Gesellschaftsrelevanz

«Fremdelt» die Kirche?

Mit Blick auf eine theologische Tagung zum Thema «Die Zukunft der Kirche in Europa» titelte das evangelische Nachrichtenmagazin idea «Kirchen in Europa fremdeln mit der säkularen Welt». Was steckt dahinter? Und: Wird das Bild vom Fremdeln der kirchlichen Situation gerecht? Ein Kommentar von Hauke Burgarth.
Die Kirche auf Rädern
Prof. Harald Hegstad
Theologe Sake Stoppels

Der norwegische Theologe Prof. Harald Hegstad unterstrich bei einem Internationalen Symposium des Instituts zur Erforschung von Evangelisation und Gemeindeentwicklung in Greifswald: Den Kirchen in Europa fällt es schwer, sich in einer säkularen Welt zu behaupten. In einem geschichtlichen Rückblick erklärte Hegstad, dass die europäischen Staaten in der Vergangenheit die Kirchen benötigt hätten, um Moral, gesellschaftlichen Zusammenhalt und nationale Identität zu gewährleisten. Die Kirchen seien zudem für die geistliche und soziale Wohlfahrt einer Gesellschaft wichtig gewesen. Diese Bedeutung schwinde jedoch rapide.

Neue Trennung von Staat und Kirche in Europa

In Norwegen ist das Verhältnis von Kirche und Staat seit 2012 neu gesetzlich geregelt.
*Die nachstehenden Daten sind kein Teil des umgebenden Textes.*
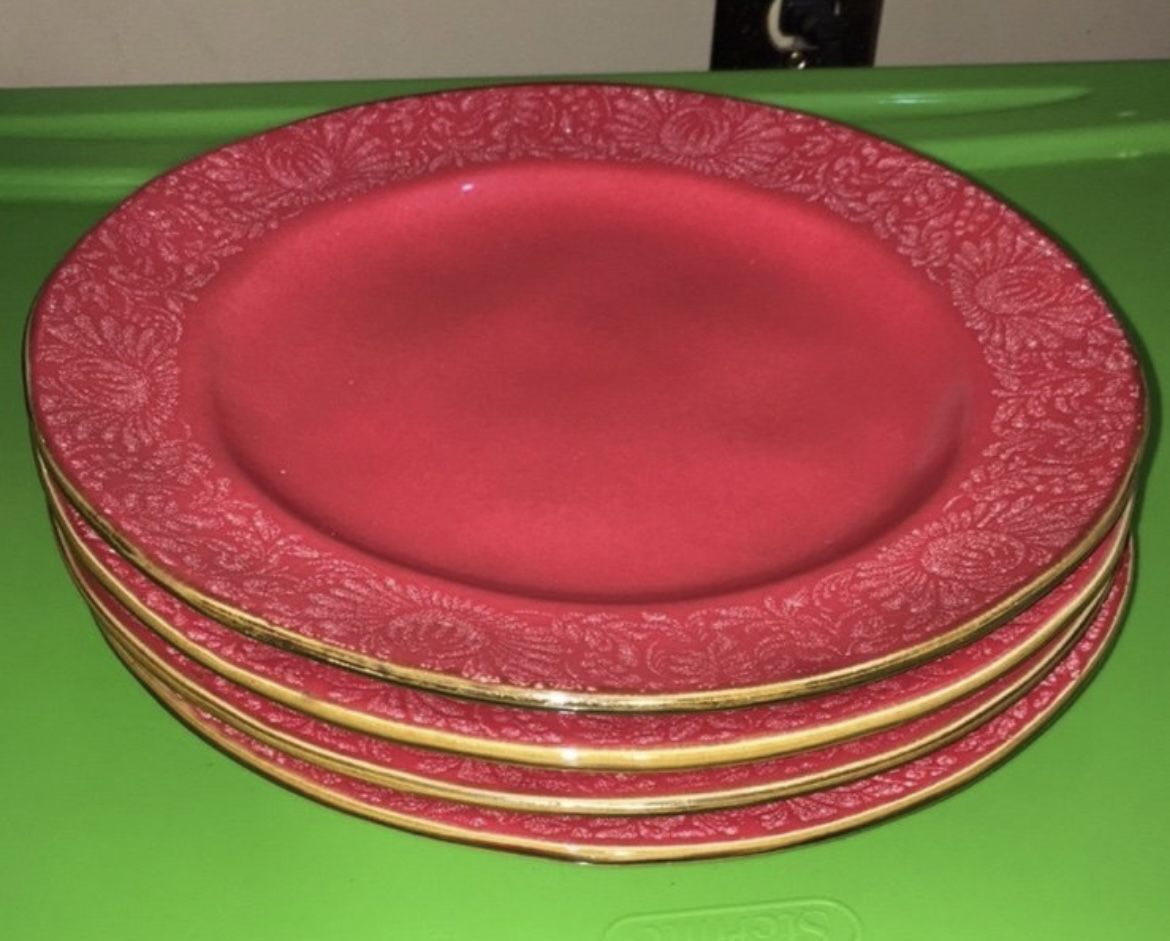 4 Cooks Essential Ceramic Dinner Plate Set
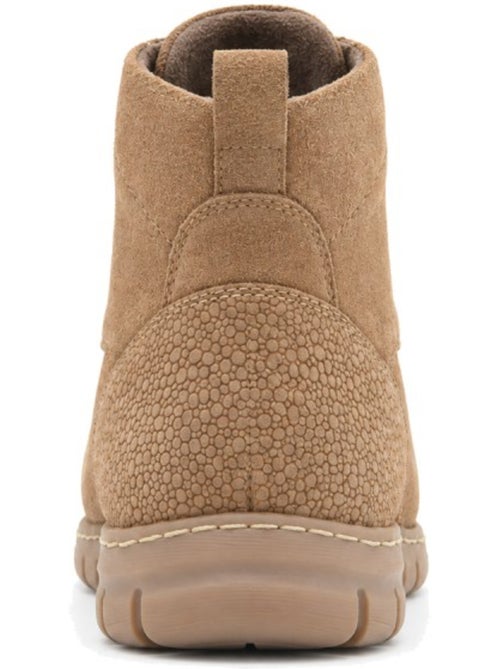 Botins rasos couro natural purapiel - Kiabi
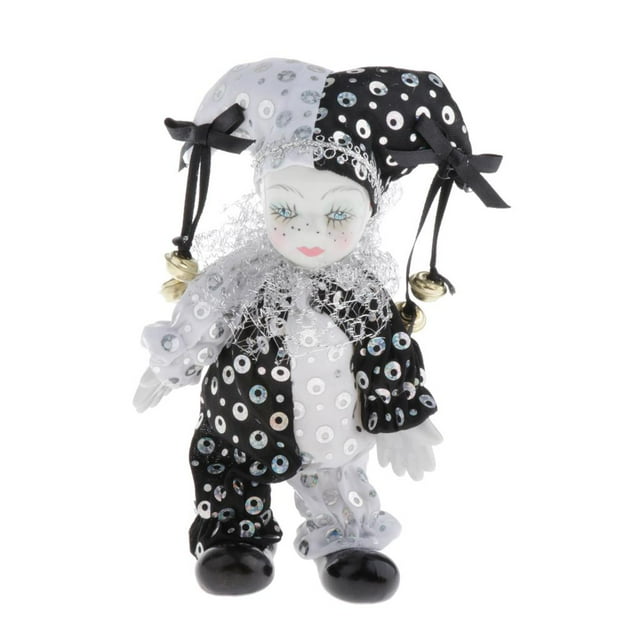 Esquirla 5 Inch Italian Doll Porcelain Clown Figures Artware Fit for Valentine Gift, for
Der König ist nicht länger Oberhaupt der evangelisch-lutherischen Kirche, auch muss nicht mehr die Hälfte der Regierungsmitglieder der Kirche angehören. Laut Hegstad versuche die evangelisch-lutherische Kirche in Norwegen trotzdem, ihre Rolle als Volkskirche zu erhalten. Wegen schwindender Mitgliederzahl stellte der Theologe allerdings infrage, ob man noch Volkskirche sei, wenn der Anteil einmal unter 50 Prozent sinke. Ähnliches gilt für die Niederlande, wo der Prozess allerdings schon weiter vorangeschritten ist. Der Theologe Sake Stoppels (Amsterdam) berichtete von 30 Prozent Kirchenmitgliedern und nur noch 18 Prozent, die von der Existenz Gottes überzeugt seien. Laut «idea» bedauerte Stoppels: «Viele Kirchen können nicht erklären, was sie glauben.» Darin sind ihnen die übrigen europäischen Christen, auch in Deutschland und der Schweiz, sehr ähnlich. Fehlende Sprachfähigkeit ist ein weit verbreitetes Problem unter ihnen.

Die Kirche tut sich schwer mit der realen Welt

Das 2004 gegründete Institut zur Erforschung von Evangelisation und Gemeindeentwicklung beschäftigt sich unter anderem mit dieser Sprachfähigkeit bzw. Sprachlosigkeit von Christen. Denn ein fehlender gemeinsamer Wortschatz ist ein Ausdruck der Entfremdung innerhalb unserer Gesellschaft. Und wie viel Berechtigung hat eine Kirche, die ohne staatliche Protektion nicht nur ihre Aufgaben (wie Evangelisation und Diakonie) aus dem Blick verliert, sondern auch ihr Selbstbild? Es scheint tatsächlich, als tue sich Kirche sehr schwer mit der realen Welt.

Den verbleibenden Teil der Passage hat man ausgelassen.